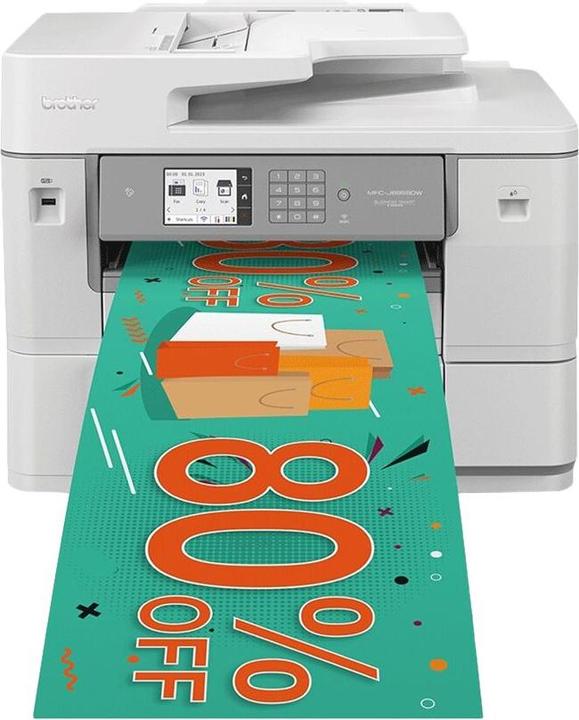 Image du produit Brother Bp80 A3 Glossy Roll (165 g/m², 1 x, 29.7 cm x 10 m)
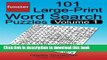 Read Funster 101 Large-Print Word Search Puzzles, Volume 1: Hours of brain-boosting entertainment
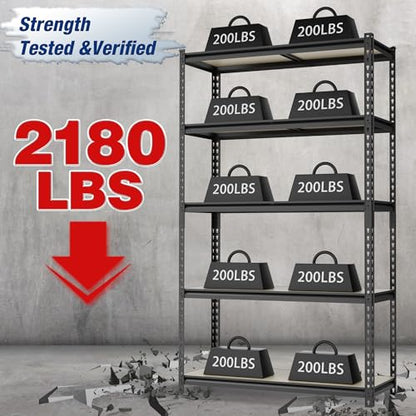 5 Tier Storage Shelf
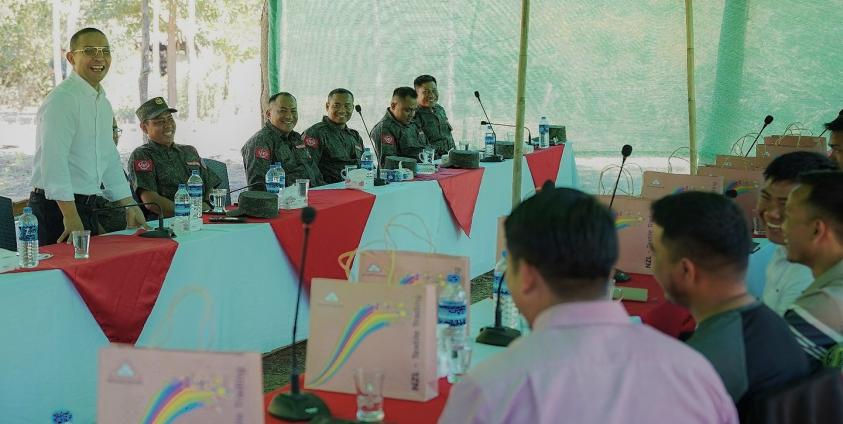 Talks between CPU/CPA and ULA/AA focus on political, military, and economic cooperation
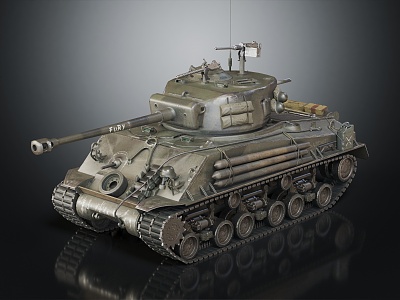 Modern Tank Light Tank Light Armor 3d model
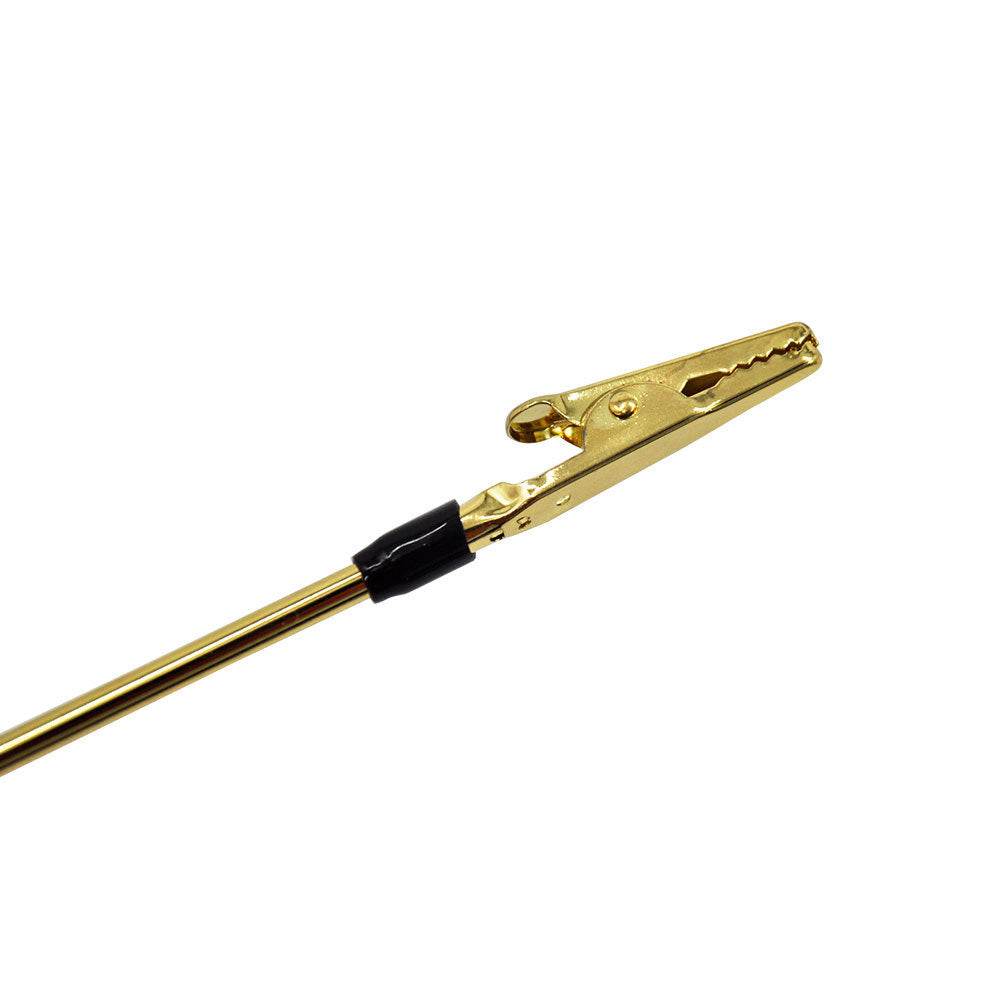 Golden Hookah Clip Pipe Cigarette Holder Accessories Portable Washable Convenient Clamp - EX-STOCK Canada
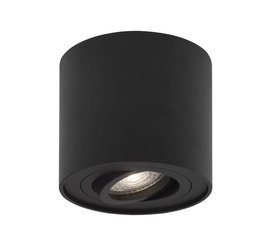 Luces Exclusivas plafon techniczny Carrizal GU10 czarny LE61426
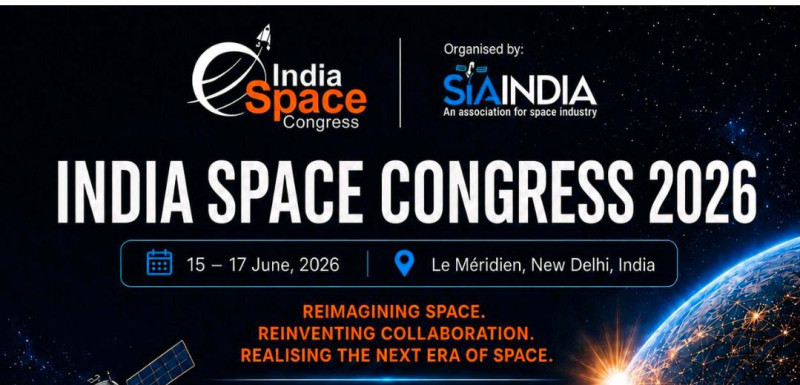 India Space Congress 2026 Set to Bring Together 600+ Participants from 25+ Countries to Shape the Next Phase of the Global Space Economy decoding=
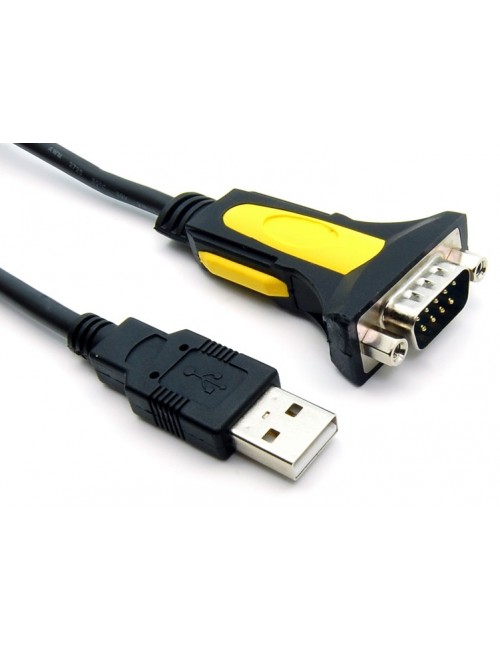 URICOM USB TO SERIAL (RS232|DB9) CONNECTOR (CONNECT SERIAL DEVICE TO PC) 1.8M 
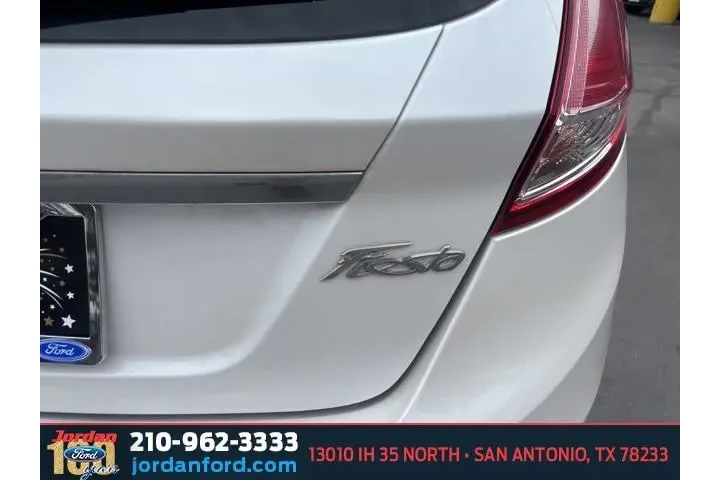 $8245 : Ford Fiesta 2016 Titanium 4d image 7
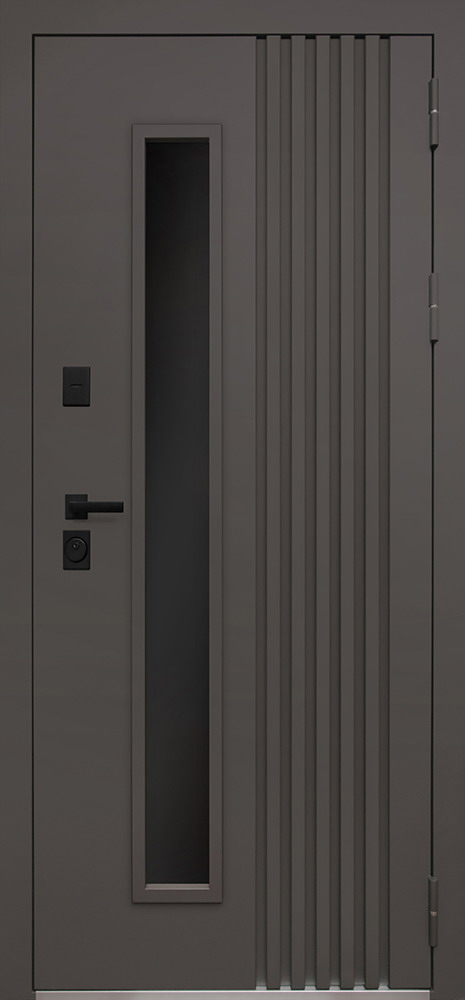 Стальная дверь Терморазрыв 3К «Arteon с окном»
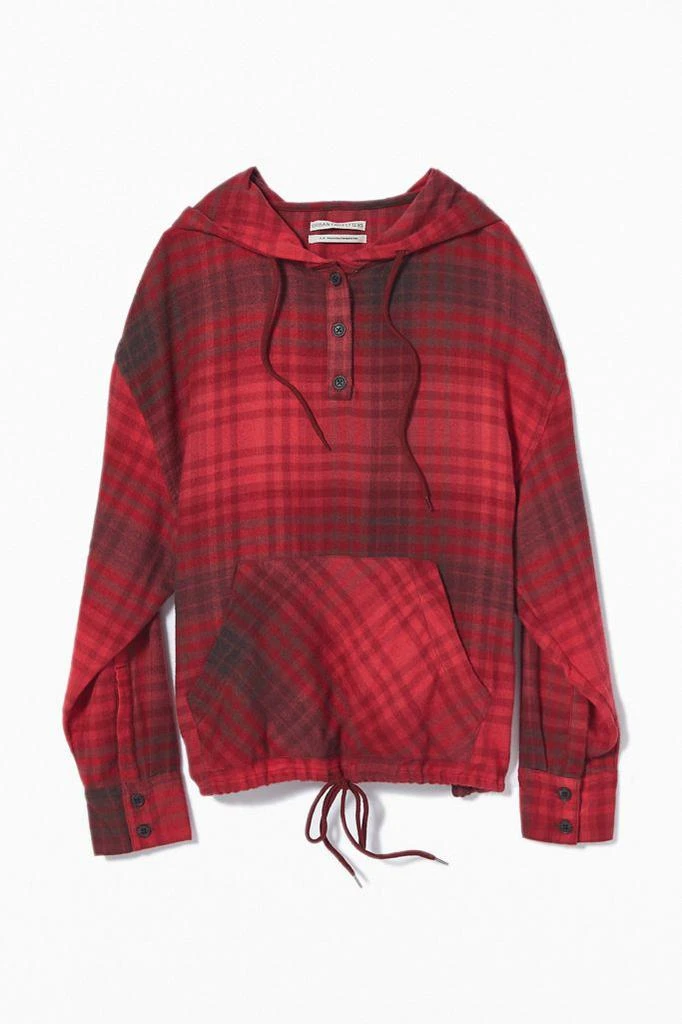 UO Alex Popover Hooded Flannel Shirt 商品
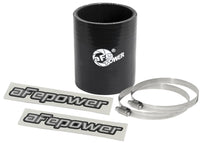 aFe MagnumFORCE Coupling Kit 2-1/4in ID x 3in L Straight - Silicone - Burkken Auto Parts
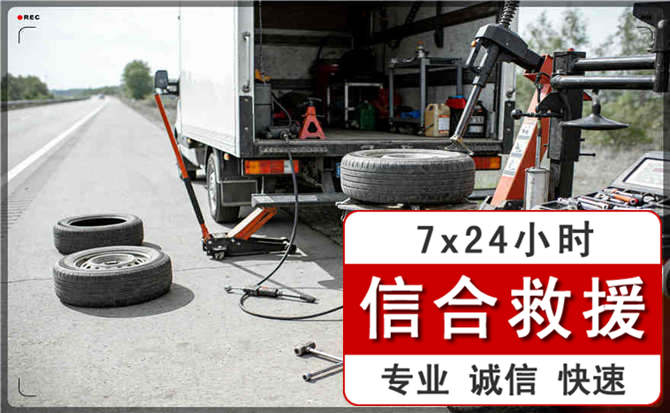 高速公路汽车脱困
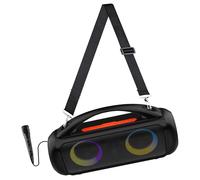 Media-Tech portable speaker karaoke Bluetooth 5.3 1200W MT3184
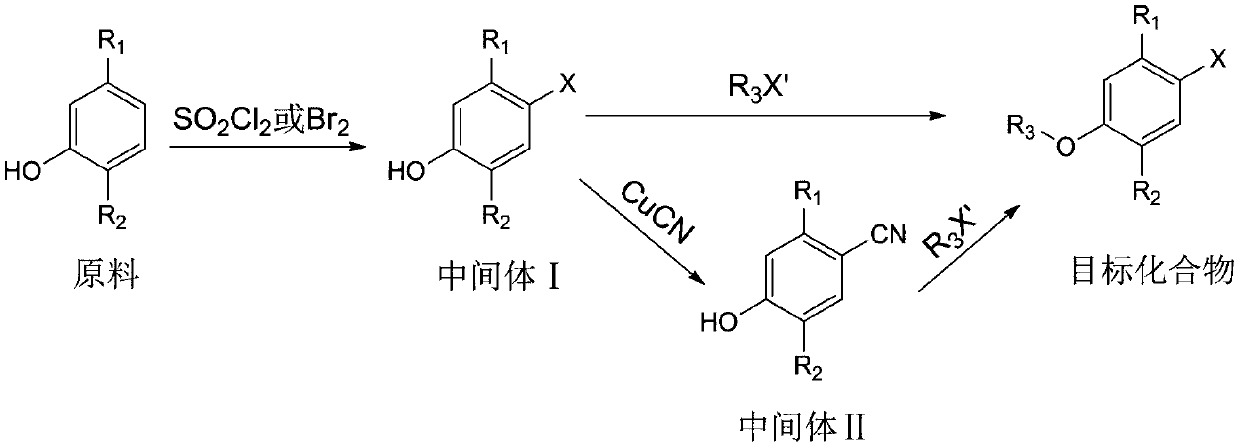 Monoterpene phenolic derivative, synthetic method of monoterpene phenolic derivative and application of monoterpene phenolic derivative in pesticides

________________________________________

◆ **About this exercise**
Each record needs to be reproduced exactly, and no image should be carried over.

◆ **Answer below**
 Image du produit Brother Bp80 A3 Glossy Roll (165 g/m², 1 x, 29.7 cm x 10 m)
 Read Funster 101 Large-Print Word Search Puzzles, Volume 1: Hours of brain-boosting entertainment
 5 Tier Storage Shelf
 Talks between CPU/CPA and ULA/AA focus on political, military, and economic cooperation
 Modern Tank Light Tank Light Armor 3d model
 Golden Hookah Clip Pipe Cigarette Holder Accessories Portable Washable Convenient Clamp - EX-STOCK Canada
 Luces Exclusivas plafon techniczny Carrizal GU10 czarny LE61426
 India Space Congress 2026 Set to Bring Together 600+ Participants from 25+ Countries to Shape the Next Phase of the Global Space Economy decoding=
 URICOM USB TO SERIAL (RS232|DB9) CONNECTOR (CONNECT SERIAL DEVICE TO PC) 1.8M 
 $8245 : Ford Fiesta 2016 Titanium 4d image 7
 Стальная дверь Терморазрыв 3К «Arteon с окном»
 UO Alex Popover Hooded Flannel Shirt 商品
 aFe MagnumFORCE Coupling Kit 2-1/4in ID x 3in L Straight - Silicone - Burkken Auto Parts
 高速公路汽车脱困
 Media-Tech portable speaker karaoke Bluetooth 5.3 1200W MT3184
 Monoterpene phenolic derivative, synthetic method of monoterpene phenolic derivative and application of monoterpene phenolic derivative in pesticides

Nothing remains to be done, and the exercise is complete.